1. Tenho a mais atlética convicção de que jamais seria um bom jogador de futebol. Menino, amanhecia com a bola nos pés. A bola corria dos calcanhares para a cabeça, retornava para acomodar-se em cima do pé, qual um pássaro na ramagem, ou galinha no poleiro. Eu era uma foca amestrada. Recebia palmas, por vezes. Mas em campo, esvaziava toda e qualquer perspectiva otimista. Estava mais para gandula. Digamos, eu já dava muitos sinais de “apoteose mental”, isso é, impulso para sair voando da realidade para o estádio das reflexões, para o País das metáforas.

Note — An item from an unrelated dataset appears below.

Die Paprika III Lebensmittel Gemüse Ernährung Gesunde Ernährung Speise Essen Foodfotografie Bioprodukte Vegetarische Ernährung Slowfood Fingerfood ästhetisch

2. Em Bagé, a paixão clubística dividia as famílias. Bagé e Guarani eram legiões irreconciliáveis. Montéquios e Capuletos, a bem dizer. Lembro-me – e eu deveria ter menos de uma dúzia de aniversários – chegando ao estádio Estrela D’Alva, ante porteiros e fiscais, guardiões do templo, eu me credenciava como o “filho do tio Peri”, sócio benemérito do Guarani e torcedor arrebatado. Guarani, sou até hoje e sempre, e tenho memorável gratidão àquele gesto de passarem a mão em minha cabeça e tocarem em frente o “filho do tio”. As cores do vinho e do sangue já me seduziam.

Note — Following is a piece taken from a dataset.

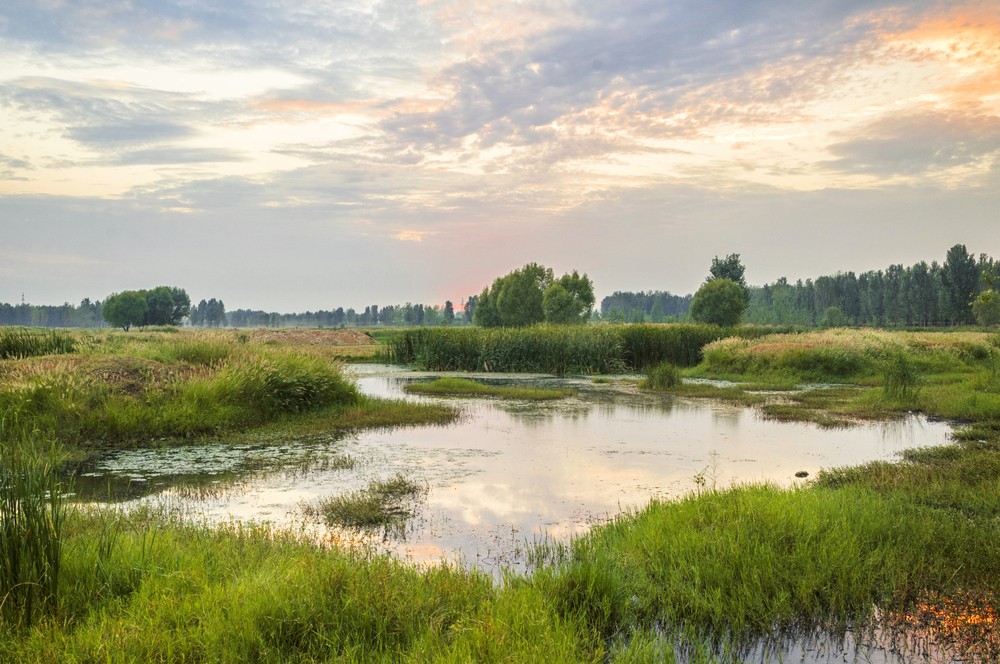 shutterstock_509654437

3. Sou um caso raro em termos de opção entre Internacional e Grêmio. Fui a muitas partidas até assumir a condição de colorado. E observo não serem muito nítidas as razões para essa definição entre estes dois times gaúchos da capital gaúcha. Não se trata de definição geográfica, time de bairro; étnica, um pouco, mas percebo algumas diferenças assinaláveis. Os gremistas são mais soberbos. Os colorados, talvez menos radicais. Reconheço um gremista de longe. Pode colocar gigantescos óculos de sombra. E, se for mulher, pode vestir uma burca. Gremista não torce, combate. O Grêmio é um hino. O Inter, um samba, uma milonga. O Grêmio marcha; o Colorado, dança.

4. Tenho uma teoria um pouco estapafúrdia sobre os jogos. Psiquiatras recomendam que escreva um ensaio sobre o tema. No fundo, para mim, todos os jogos são “projeções anímicas do ritual da fertilidade”. Explico-me: a bola é o sêmen. A rede, o hímen. Os jogos são instantes de fecundação. Veja comigo: o gol, no futebol, a cesta no basquete e assim por diante, são momentos de orgasmo. O triunfo do sêmen vitorioso! Não é uma bela tese? Ou será que estou me comportando como um sexagenário compulsivo? Julgue o eventual leitor. Hoje, a lógica e a razão estão no banco de reservas. A tese põe a bola no meio de campo. Ouça o apito. Podes começar rumo às traves, ou melhor, ao hímen das redes.